The book is divided into 63 chapters, which average about five pages in length. Most of the chapters investigate topics that are curiosities or are otherwise of recreational interest.

The book is arranged into nine sections (Simulation, Exploration, Visualization, Speculation, Invention, Imagination, Fiction, Exercises for the Mind and Eye, and Computers in the Arts and Sciences). A majority of the nine sections represent things that researchers might do with a computer. Some examples will suffice. The "Simulation" section presents some simple simulations of various phenomena. The "Visualization" section illustrates the use of computer graphics in various fields or just for their own beauty. The "Speculation" section provides the results of Pickover asking various (often thought-provoking) questions of scientists, and so on. There are also several appendices that discuss further information on some of the topics in the book or suggest other problems of interest to investigate.

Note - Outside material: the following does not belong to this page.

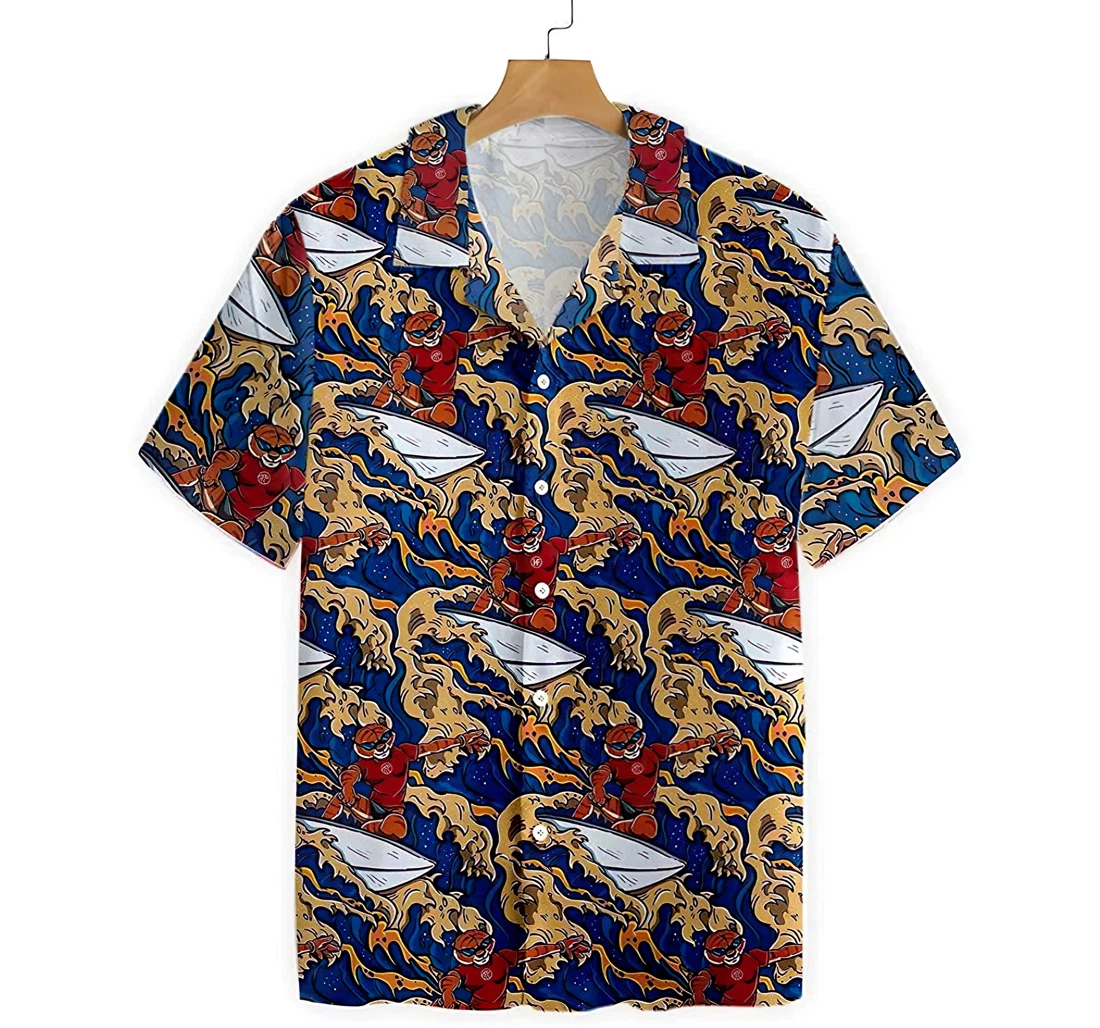 Personalized Tiger Surfer Roaring Waters Hawaiian Shirt, Button Up Aloha Shirt For Men, Women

For the most part, this book has been written to be accessible to the general reader. Some of the fractals and other graphics require somewhat advanced mathematics to fully understand (although it doesn't require mathematical knowledge to appreciate the end result) and implementing the algorithms discussed in the book would of course require programming skills. Even without such knowledge, there is enough text (and pictures; there is probably one figure per page on the average as well as a nice-looking colour section) for the most part that the reader can still follow along, and if not a new topic is only a few pages away. For more advanced readers, there are many equations, pieces of pseudocode, and information on how to get more information on a topic.

This book is a very thought-provoking book. Not everyone may be interested in every chapter in the book (it would probably be a rare person who would be) but there is enough variety that everyone should find topics of interest to them. Even though the book is nearly 25 years old, it dates fairly well. Some of the graphics look, well, 90s-ish, but much of the material is still relevant today.